Add tests for `std::[unordered_][multi]set` #39

enirolf · 2025-02-28T14:21:53Z

Closes #14.

hahnjo

Thanks for the PR! I left some comments, mostly we should start by figuring out what we want to test for the binary format in particular. Originally I considered being lazy for other containers and put all std::[unordered_][multi]set in a single test, without the full combination of index column types. But I think the multi containers make this awkward because there we actually want to test that the duplicates are preserved, and also we may want to be 100% certain that we get the index columns right. For the non-multi containers though, duplicates are essentially handled on the C++ side, before it comes to RNTuple I think, so not sure if we need those entries here...

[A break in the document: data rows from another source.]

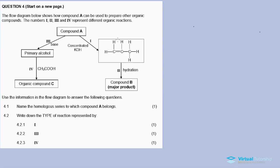Compound A undergoes reaction 1 to produce an unsaturated hydrocarbon. So in order to produce the unsaturated hydrocarbon, it must be an elimination reaction. So compound A undergoes elimination to produce an alkene, which is an unsaturated hydrocarbon.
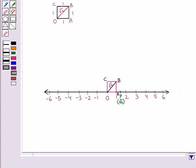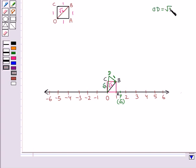To mark square root 3 on the number line, we draw a perpendicular BD of length 1 unit at point B. Applying Pythagoras theorem to right triangle OBD, we get OD equal to square root 3. Taking O as center and radius OD, we mark point Q on the number line. Point Q represents square root 3.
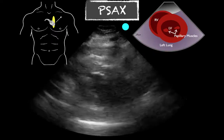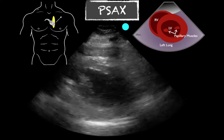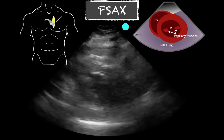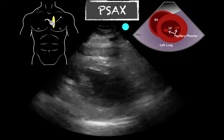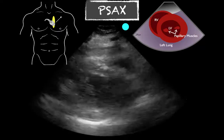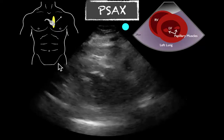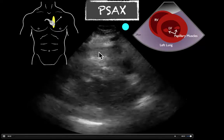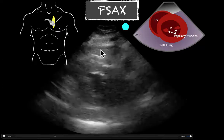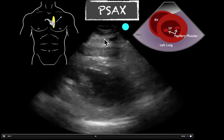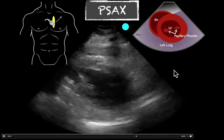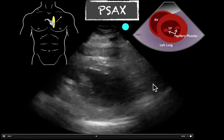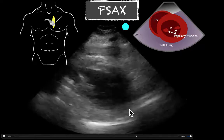Here we're moving on to our parasternal short axis. We've moved our probe orientation. It's a limited view here, but we can again see this area anteriorly, which is more echogenic or isoechoic to the subcutaneous tissue, and again does not appear to be anechoic or circumferential in this case.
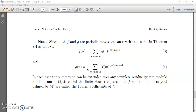In each case the summation can be extended over any complete residue system mod k. You have already studied about the complete residue system mod k — that is a system which contains at least one element from each residue class mod k. That system is called a complete residue system. So we can replace the functions by any members of this complete residue system mod k.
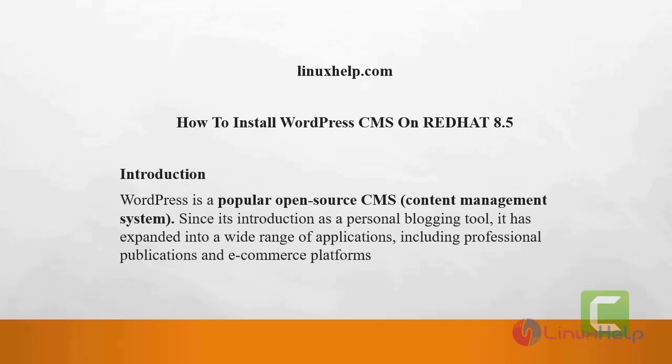Welcome to linuxhelp.com. Today we are going to see how to install WordPress CMS on Red Hat 8.5. WordPress is a popular open source content management system. Since its introduction as a professional blogging tool, it has expanded into a wide range of applications including professional publications and e-commerce platforms.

hahnjo · 2025-03-04T08:07:47Z

types/set/fundamental/write.C

+  // Fourth entry: duplicate elements in the set
+  *Index32 = {1, 1};
+  *Index64 = {2, 2};
+  *SplitIndex32 = {3, 3};
+  *SplitIndex64 = {4, 4};
+  writer->Fill();


Hm, this entry is the same from the RNTuple point of view because the deduplication will happen on the C++ side, before we enter Fill(). Does it provide extra coverage?

hahnjo · 2025-03-04T08:08:25Z

types/set/fundamental/write.C

+  *Index32 = {2, 1};
+  *Index64 = {4, 3};
+  *SplitIndex32 = {6, 5};
+  *SplitIndex64 = {8, 7};
+  writer->Fill();


This also seems like it's mostly about the C++ semantics of std::set, not really the binary format...

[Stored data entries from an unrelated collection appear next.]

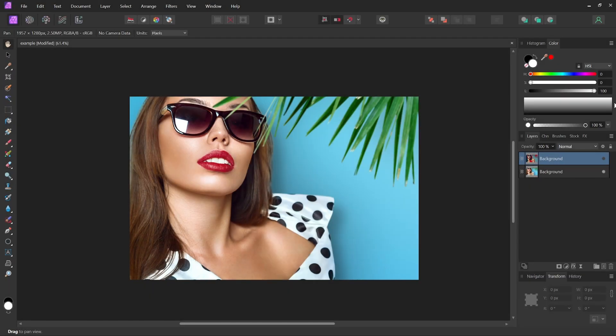One of the downsides of using Affinity Photo is that it's pretty lacking in filters, especially when compared to Photoshop. But in this tutorial, I'm going to show you how you can download and install a free plugin that will give you literally hundreds of filters to work with.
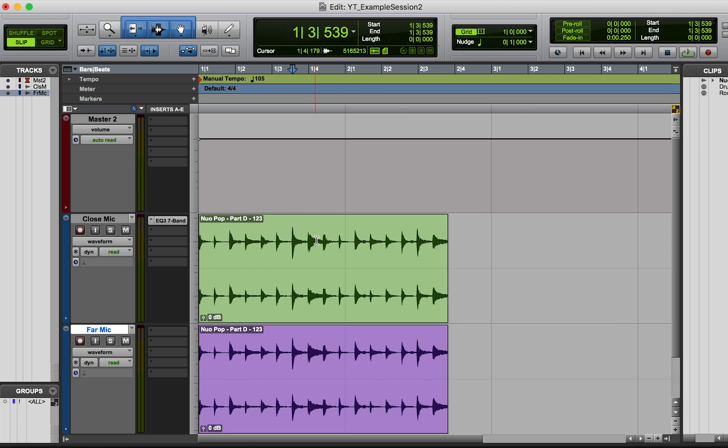So yeah, that's the basic concepts behind phase and how to fix it and what it sounds like. I hope you guys found this useful. Let me know what you think in the comments below.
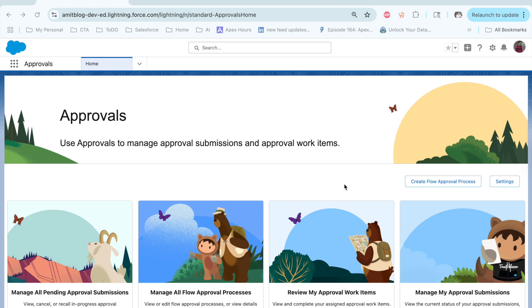Good morning, good evening, good afternoon everyone. Welcome to Salesforce Epic's hour. Today we are going to learn about the flow approval process.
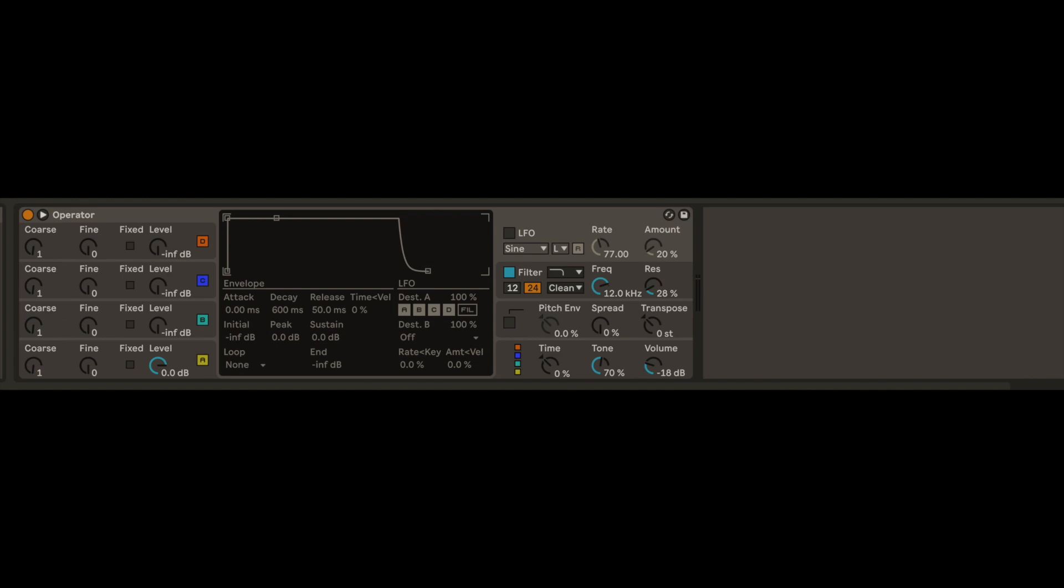Today I want to show you a quick tip for randomizing Ableton's operator. I like randomizing devices because it quickly generates fresh sounds that might evoke a feeling.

types/set/nested/LinkDef.h

types/set/nested/write.C

types/README.md

types/multiset/fundamental/write.C

hahnjo · 2025-03-04T08:17:46Z

types/unordered_set/fundamental/write.C

+  *Index32 = {2, 1};
+  *Index64 = {4, 3};
+  *SplitIndex32 = {6, 5};
+  *SplitIndex64 = {8, 7};
+  writer->Fill();


Do we make guarantees about the element order on disk? If not, I'm not sure we need to test C++ semantics in the validation suite...

types/set/nested/README.md

hahnjo · 2025-03-04T08:28:43Z

types/set/fundamental/read.C

+  Set &value = *entry.GetPtr<Set>(name);
+  os << "    \"" << name << "\": [";
+  bool first = true;
+  for (auto element : value) {


Actually, is the iteration order defined here? Do we want an explicit construction of a std::vector (?) and sort it? If not, the output file might change from execution to execution...

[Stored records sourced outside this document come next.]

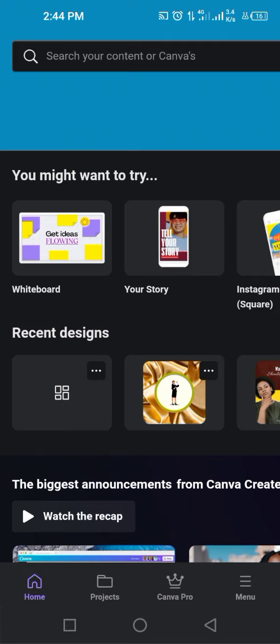I'm going to show you how to design a simple fashion business promo flyer in simple steps by using templates. This is going to help you design your end-of-year promo flyer, media sales, or whatever discount you are giving to your customers.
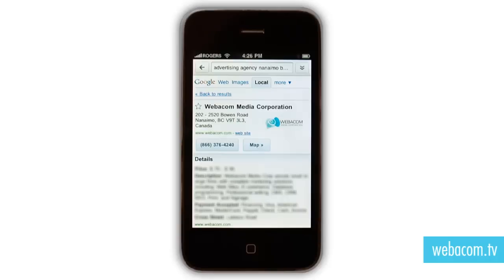Advertising Agency, Nanaimo, British Columbia. And you're going to be watching this on our screen as well. So there we go. Immediately we see Get Directions. We've got Webcom Media Corporation, and it's ready to say call that number right now.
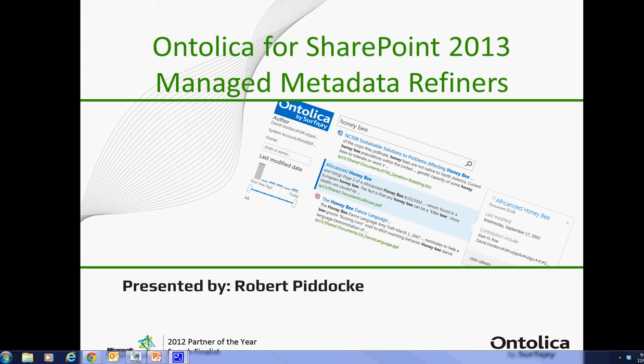Hi and welcome to this SharePoint search quick tip. My name is Robert Piddock and today I'll be telling you about how to map managed metadata refiners in Ontolica for SharePoint 2013.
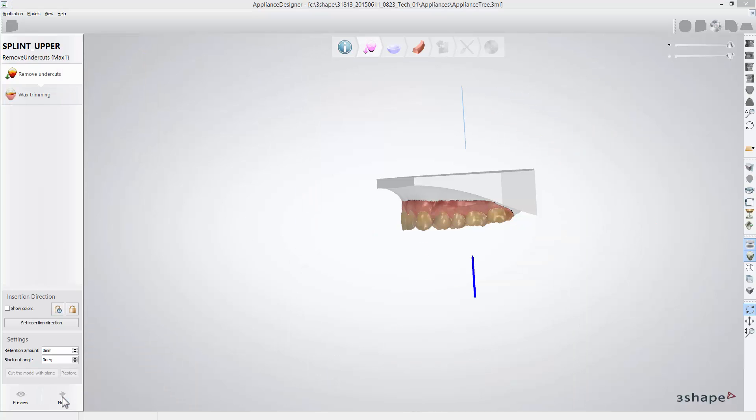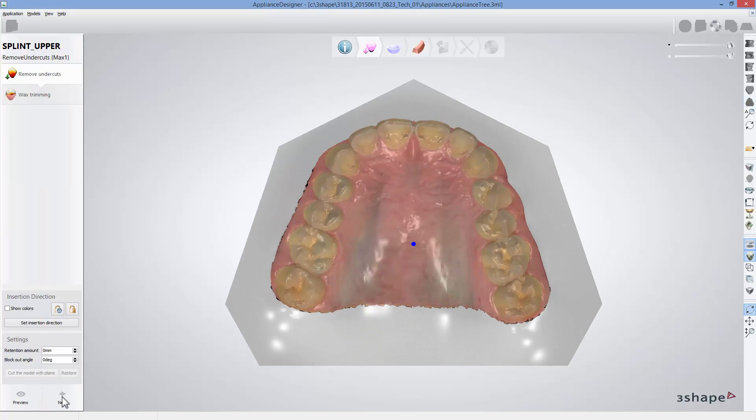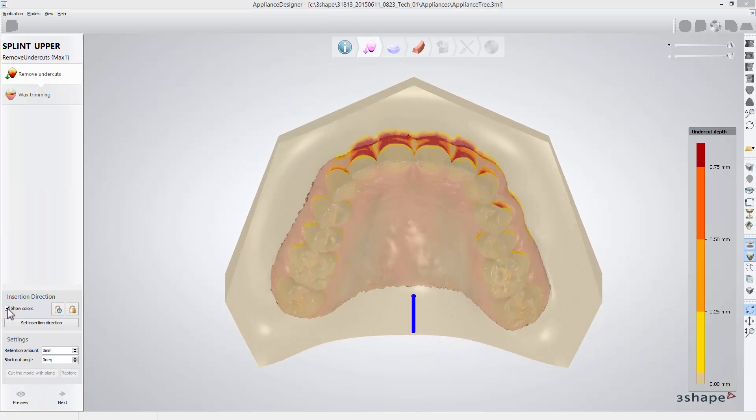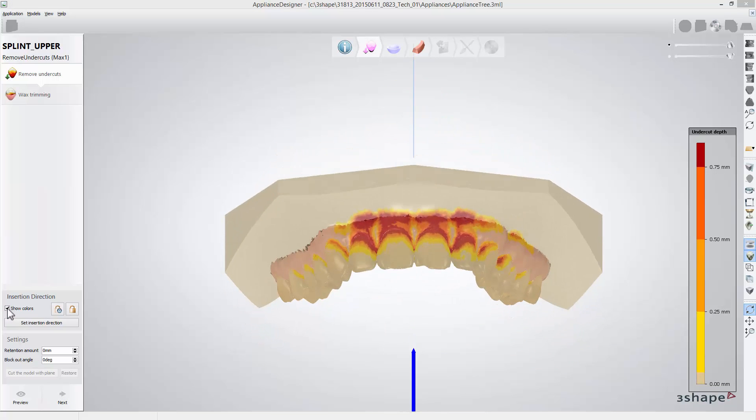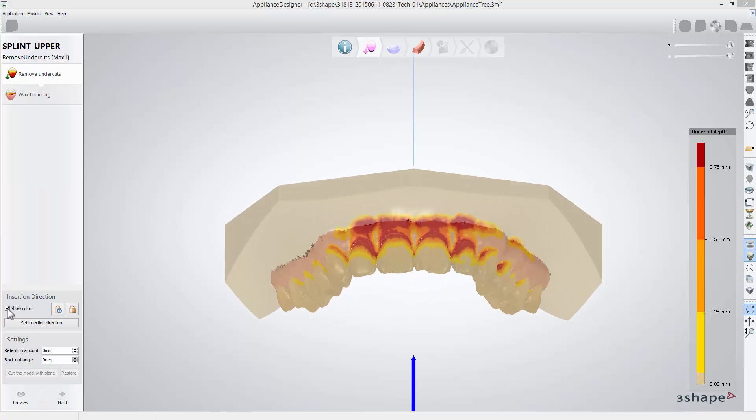In the remove undercut step, the insertion direction line will appear and will be set according to the plane. If you select the show colors box you will visualize the undercuts blocking areas. At this stage you can adjust the insertion direction.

The iteration order is defined by the (optional) comparison predicate in the set template (std::less by default), so unless this is different from the one used when writing, the order will be the same (see also https://stackoverflow.com/a/8834041)

Ah, I commented on the wrong test: the question is mostly relevant for std::unordered_[multi]set, but for symmetry we may want to do it for all tests.

types/set/nested/write.C

enirolf · 2025-03-04T11:25:59Z

Thanks for the PR! I left some comments, mostly we should start by figuring out what we want to test for the binary format in particular. Originally I considered being lazy for other containers and put all std::[unordered_][multi]set in a single test, without the full combination of index column types. But I think the multi containers make this awkward because there we actually want to test that the duplicates are preserved, and also we may want to be 100% certain that we get the index columns right. For the non-multi containers though, duplicates are essentially handled on the C++ side, before it comes to RNTuple I think, so not sure if we need those entries here...

Yeah that's fair enough! I suppose we could squash [unordered_]set and [unordered_]multiset. One thing to consider is that it's not a given that every writer/reader will be written in C++ (we already know this isn't the case), but the spec explicitly refers to C++ types. But you're right that still the ordering and duplicate handling is not something that the format itself is responsible for.

Taking it even further, the specification explicitly states that the on-disk representation is identical to std::vector, so if we really want to be strict about the scope we could even argue that these tests are somewhat redundant (except for maybe type handling?)..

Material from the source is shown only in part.